50 Shades of Valuations

If you want to know how much your house is worth, just ask … anyone. Your neighbor, your plumber, your father—they all have a great idea what the value of your house is.

That’s called either too much information or too many opinions.

The Three Rules of Valuation

When push comes to shove, you need to know three things before you start selling your home or investment property:

  • There are so many different market conditions that are pretty much beyond your control—interest rates, supply and demand, the season in which you’re selling—that any value is going to change continuously.

  • Buyers will always put their own needs above all else and seek to meet those needs in the most affordable way.

  • The market value of your home is what someone else is willing to pay and not a penny more.

So once you start trying to figure out what your home might be worth, and you’re doing so with a Realtor, make sure you look at each of the following valuations and not only understand what each means — but how they’re formulated.

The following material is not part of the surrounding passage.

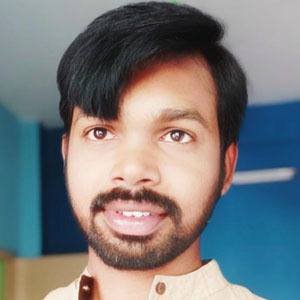 Vennu Mallesh Profile Picture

The Types of Real Estate Valuations

Fair Market Value (FMV): there is nothing more pure, but it’s so hard to know exactly what it is. FMV is the price that a willing buyer and seller agree on if everything else is equal, meaning that it’s done at arm’s length without any undue pressure. At the end of the day, all of the other forms of valuations are trying to determine FMV.

Comparative Market Analysis (CMA): The CMA is sometimes referred to as a Market Analysis or a Broker Opinion of Value. Realtors look at MLS, pull comparable sales, make adjustments for differing features, and establish a price at which the property is likely to sell in an acceptable time frame. The CMA is one of the best representations of FMV.

Assessment: This is the value that the city or county places on the property for purposes of calculating the amount of taxes. Any gap between an assessment and the FMV tends to grow larger the longer the period between sales of a property. Assessments are also using stale data—as much as 24 months old.

Appraisal: Banks hire licensed appraisers to get a determination of the value for the purpose identifying the maximum loan amount. They use the Universal Appraisal Report. Appraisers use the most recent property sales and then make subjective adjustments for property features, property conditions and market conditions. Appraisers cannot officially use properties that are either under contract or currently on the market in their analysis.

Zestimate: Okay, here we go. This is the online valuation made solely by a computer algorithm that supposedly uses thousands of data inputs to arrive at a valuation. The accuracy of the Zestimate is well known by now — it is not very accurate. Agents, home buyers, home sellers, appraisers have all weighed in and the +/- 10% accuracy is good when you need only a vague idea of a property’s value. But when true decision making is needed, the Zestimate is not a reliable tool.


The best method by far is the CMA.

The CMA is designed to find the value at the moment it is performed. A CMA looks back and looks forward in order to establish where the market is currently. Appraisals look to the recent past, assessments look to long past and the Zestimates look at, well who actually knows.

The clients who make the best decisions lean on the the Realtor CMA to drive their decisions.